Records:
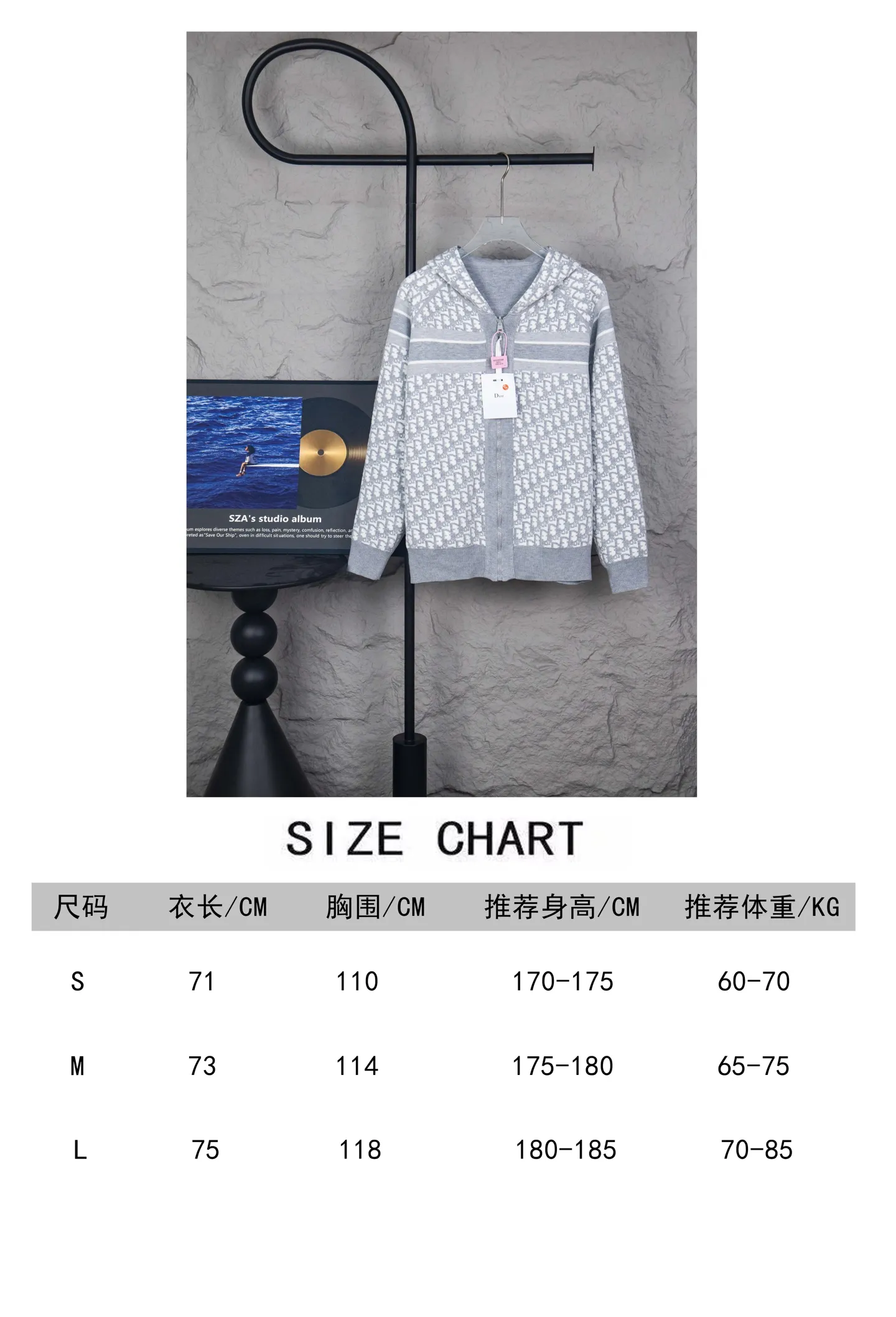 Size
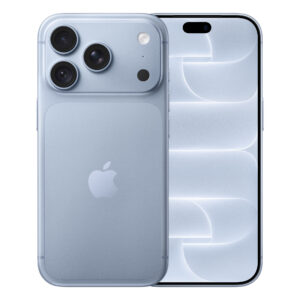 Apple iPhone 18 Pro Max 256GB Glacier MJXR4QN/A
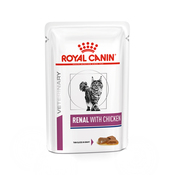 Royal Canin Renal Feline Chicken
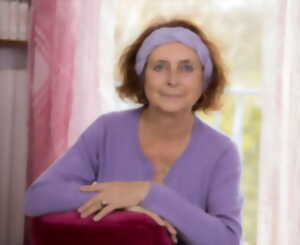 Rencontre dédicace aves Lyliane Mosca
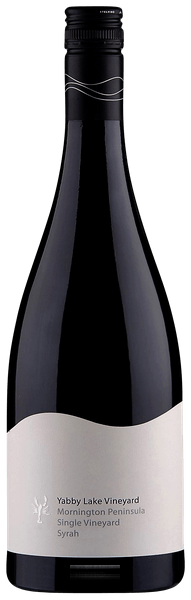 Single Vineyard Syrah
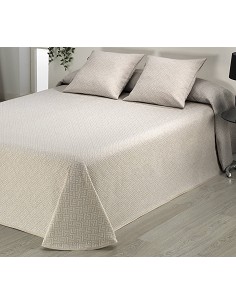 Colcha Piqué Cama Hotel... 2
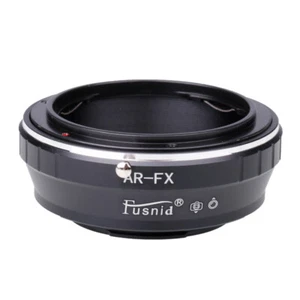AR-FX Adapter for Konica AR Mount Lens to Fuji FX X Mount Camera X-Pro1 X-Pro2 - Bild 1 von 4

Required action: The expected output is an exact retyping of the lines from the line with "Apple iPhone 18" through the last line of the data, with both ends kept and the pictures dropped.

Answer box:
 Apple iPhone 18 Pro Max 256GB Glacier MJXR4QN/A
 Royal Canin Renal Feline Chicken
 Rencontre dédicace aves Lyliane Mosca
 Single Vineyard Syrah
 Colcha Piqué Cama Hotel... 2
AR-FX Adapter for Konica AR Mount Lens to Fuji FX X Mount Camera X-Pro1 X-Pro2 - Bild 1 von 4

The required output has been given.